Basic Science Investigation

Pretargeted Radioimmunotherapy of Pancreatic Cancer Xenografts: TF10–90Y-IMP-288 Alone and Combined with Gemcitabine

Habibe Karacay1, Robert M. Sharkey1, David V. Gold1, Dan R. Ragland2, William J. McBride3, Edmund A. Rossi4, Chien-Hsing Chang3,4 and David M. Goldenberg1

1 Center for Molecular Medicine and Immunology, Belleville, New Jersey; 2 National Institutes of Allergy and Infectious Disease, Ft. Detrick, Maryland; 3 Immunomedics, Inc., Morris Plains, New Jersey; and 4 IBC Pharmaceuticals, Inc., Morris Plains, New Jersey

Correspondence: For correspondence or reprints contact: Robert M. Sharkey, Garden State Cancer Center/Center for Molecular Medicine and Immunology, 520 Belleville Ave., Belleville, NJ 07109. E-mail: rmsharkey{at}gscancer.org

Pancreatic cancer is a silent disease that most commonly presents in an already metastatic form. Current treatment options provide little survival benefit. Radiolabeled PAM4 IgG, a monoclonal antibody that recognizes a unique epitope associated with a mucin found almost exclusively in pancreatic cancer, has shown encouraging therapeutic effects in animal models and in early clinical testing (90Y-humanized PAM4 IgG, 90Y-clivatuzumab tetraxetan). The studies reported herein examine a new pretargeting procedure for delivering therapeutic radionuclides. Methods: We prepared a humanized, recombinant tri-Fab bispecific monoclonal antibody (bsmAb) (TF10) using specificity for targeting pancreatic cancer of PAM4 and another Fab binding to a hapten (histamine-succinyl-glycine [HSG]) and tested this in a pretargeting setting with a 90Y-1,4,7,10-tetraazacyclododecane-N,N',N'',N'''-tetraacetic acid-di-HSG-peptide (pretargeted radioimmunotherapy [PT-RAIT]). Nude mice bearing established Capan-1 human pancreatic cancer xenografts were given TF10 and then received the 90Y peptide as a single bolus dose 19 h later, or the therapy cycle was fractionated weekly.
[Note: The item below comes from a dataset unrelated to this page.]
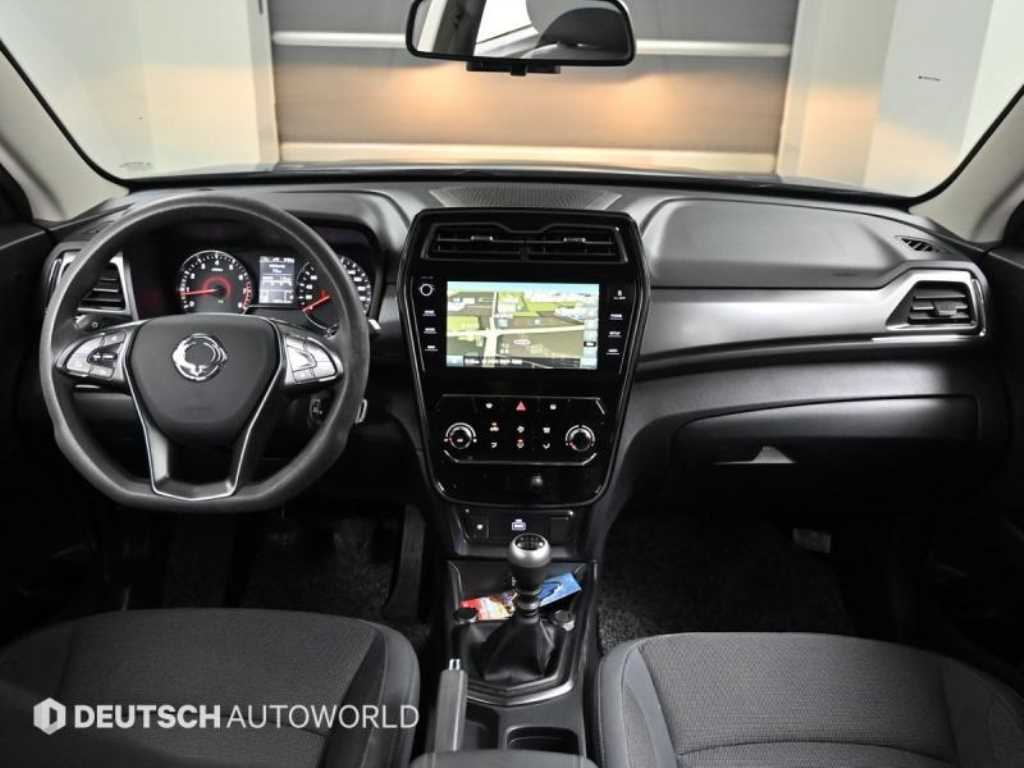 Ssangyong Tivoli - Vista 7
Other studies examined different combinations with gemcitabine. Results: PT-RAIT of 18.5 MBq (~50% of its maximum tolerated dose [MTD]) was as effective as the MTD of 90Y-PAM4 IgG (5.55 MBq). Three monthly doses of 9.25 MBq of PT-RAIT combined with a monthly cycle of gemcitabine (3 weekly, 6-mg doses) significantly enhanced survival, compared with PT-RAIT alone. Adding gemcitabine as a radiosensitizer to 9.25 MBq of PT-RAIT enhanced objective responses. Weekly fractionation of the PT-RAIT, as compared with a single treatment, improved responses. Conclusion: PAM4-based PT-RAIT with 90Y hapten peptide is an effective treatment for pancreatic cancer, with less toxicity than 90Y-PAM4 IgG, in this model. Combinations with gemcitabine and dose fractionation of the PT-RAIT enhanced therapeutic responses.

Key Words: bispecific antibody • gemcitabine • pancreatic cancer • pretargeting • 90Y

COPYRIGHT © 2009 by the Society of Nuclear Medicine, Inc.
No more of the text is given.